Right, so before the bitch is even in the ground, let’s pull out the will and start dividing up the assets. At least Slow-fia has the decency to give the devil’s corpse a proper burial. Stiffy Paddy Taddy has been robo-tized and parrots everything the dyed-hair woman mumbles. No, Jimena, Mommy’s diamond studs are mine!

I really don’t understand why everyone on this show has a disability. Sally had God-knows-what going on with her forehead and eyes; the obsequious peasant-farmer has some weird shit goin’ on with his eyes, too. And I won’t even begin to list the mental incapacities of our protagonists… I know they do this so people can relate, but next time I want a show where people can operate cell phones and spell their names.

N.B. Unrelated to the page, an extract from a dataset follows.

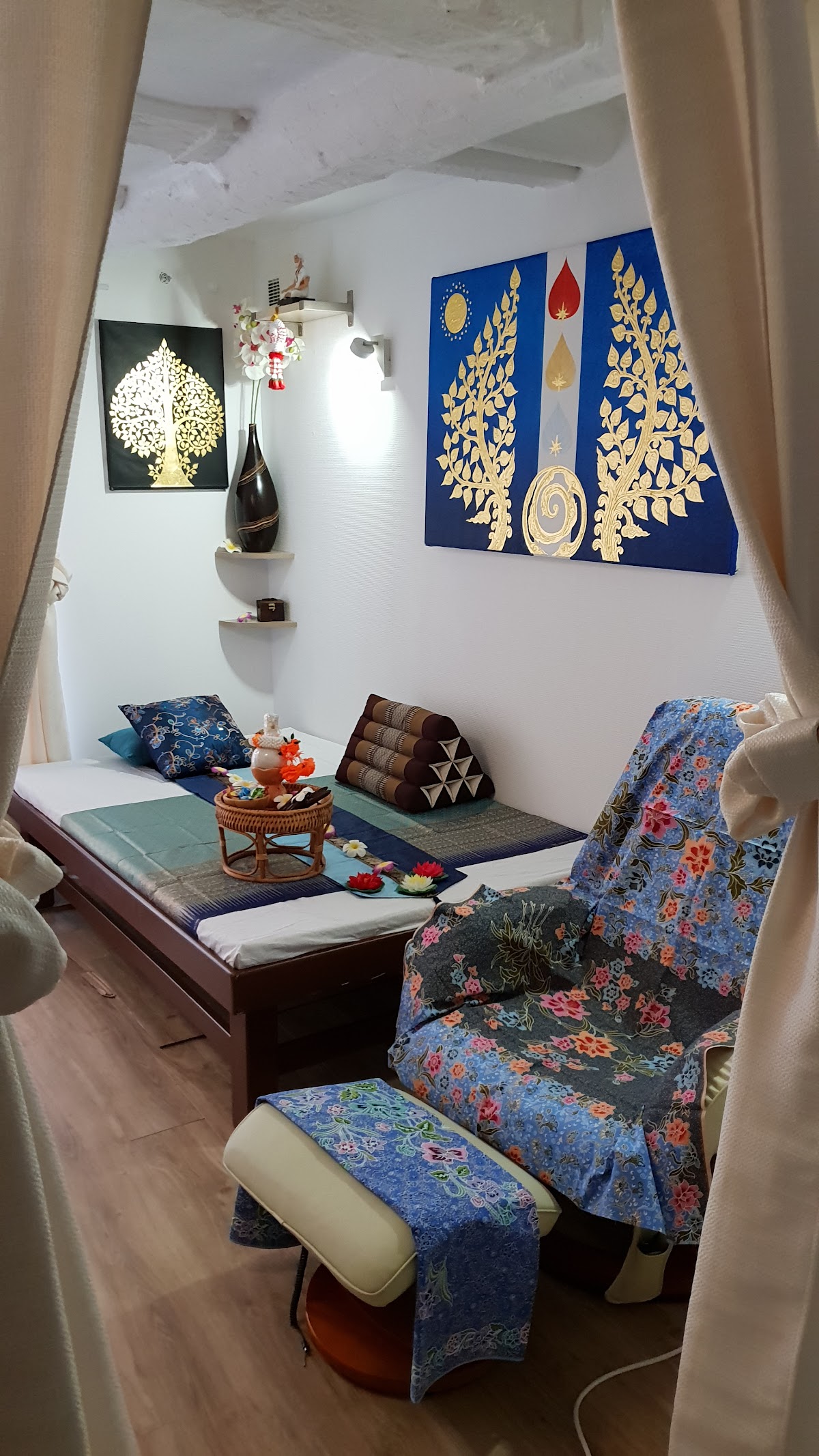 Espace Bien-être Mum Sabai - Photo 3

Well, no time is wasted to get Crabi in the ground and out of the way of the family fortune. Lucky the family has a personalized servant-priest at their beck and call. These funerals are always the most intimate of reunions. Though, I for one would have been dancing on the casket and serving party cocktails by the gallons. I guess we all have our ways of “mourning.” Because the Hypocrite club never convened, it’s only appropriate that Eva, too, initiate herself and ask Gabi to forgive and accept her. Ok, honey, Gabi can’t hear you, and do you really think that just because she died she would suddenly like you? NO. You’re not allowed to have friends, remember? I swear they shot the scene from the first episode I recapped (Bernie’s death) and this one on the same day. Would these people really pay for two caskets, and would the actors really be able to cry twice? “Lo dudo muchisimo.”

Of course, Juan couldn’t attend the funeral with everyone else, so he goes to the after party the next morning. You see, that’s the custom in Mexico to leave the dead corpse in a hot room for days until the magic angels return the body to Jesus. In case you care (and I know all you “I’m looking for a Spanish teacher” people care), Juan tells Gabi that she doesn’t deserve to be forgiven, but he’s a good Christian boy so he knows that God and Jesus and he should forgive her.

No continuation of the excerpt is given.